Available data: Begin

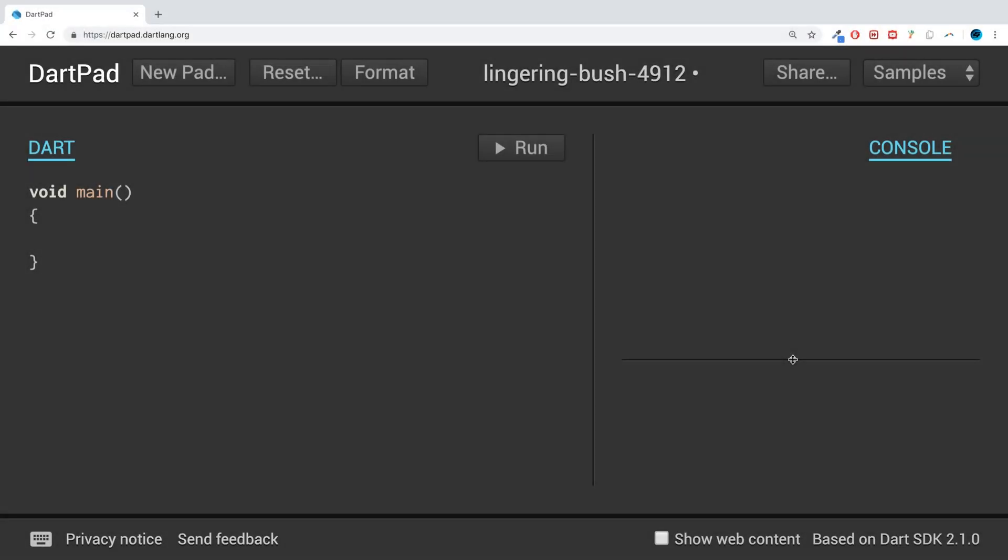Hello, in this Dart programming tutorial I'm going to show you comments. There are two ways to do comments: single line comment and multi-line comment. First of all, let me write some code. The actual code doesn't matter.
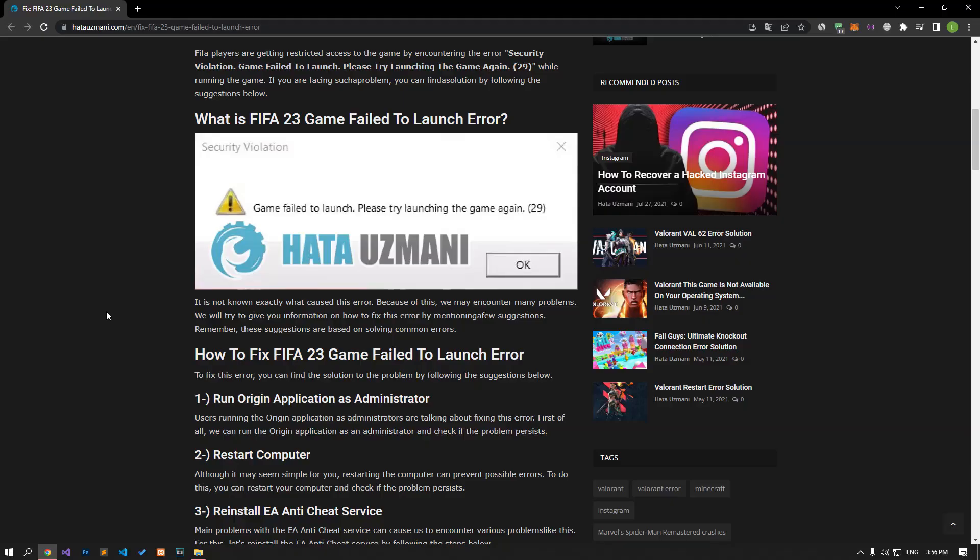Hello everyone, welcome to the Bug Expert channel. In this video, we will talk about solutions for friends who encounter FIFA 23 game failed to launch error. It is not known exactly what caused this error, so we may encounter many problems. We will try to give you information on how to fix this error by mentioning a few suggestions. Remember, these suggestions are based on solving common errors.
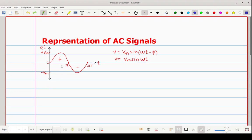Now we will discuss various ways to represent this AC signal. Generally AC quantities are measured by four different ways: one is peak value, next is peak-to-peak value, then average value, and finally RMS value. We will study these different techniques one by one.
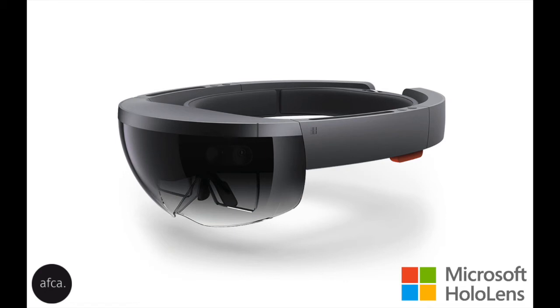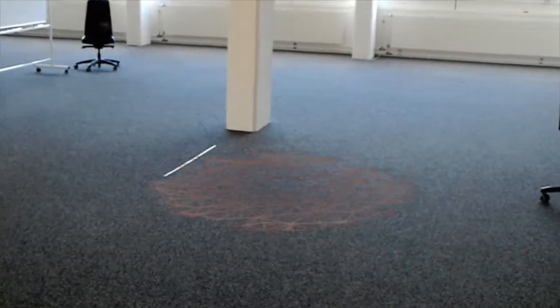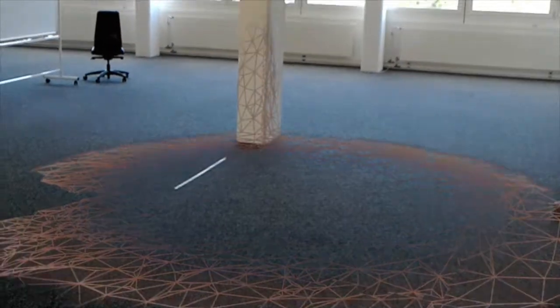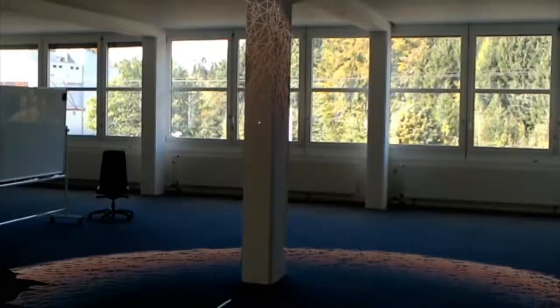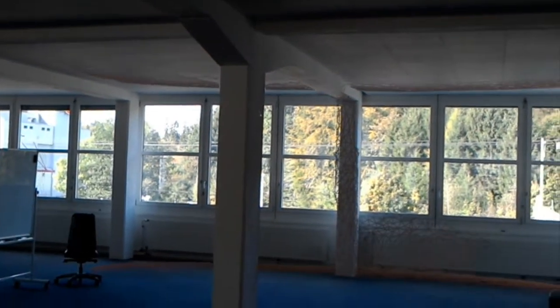The Microsoft HoloLens is a wearable computer that scans its surroundings continuously with several sensors and is able to project holograms in the room.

Available data: End

> The problem: The task calls for duplicating the data exactly, with no images kept.

> Solution:
Hello, in this Dart programming tutorial I'm going to show you comments. There are two ways to do comments: single line comment and multi-line comment. First of all, let me write some code. The actual code doesn't matter.
Hello everyone, welcome to the Bug Expert channel. In this video, we will talk about solutions for friends who encounter FIFA 23 game failed to launch error. It is not known exactly what caused this error, so we may encounter many problems. We will try to give you information on how to fix this error by mentioning a few suggestions. Remember, these suggestions are based on solving common errors.
Now we will discuss various ways to represent this AC signal. Generally AC quantities are measured by four different ways: one is peak value, next is peak-to-peak value, then average value, and finally RMS value. We will study these different techniques one by one.
The Microsoft HoloLens is a wearable computer that scans its surroundings continuously with several sensors and is able to project holograms in the room.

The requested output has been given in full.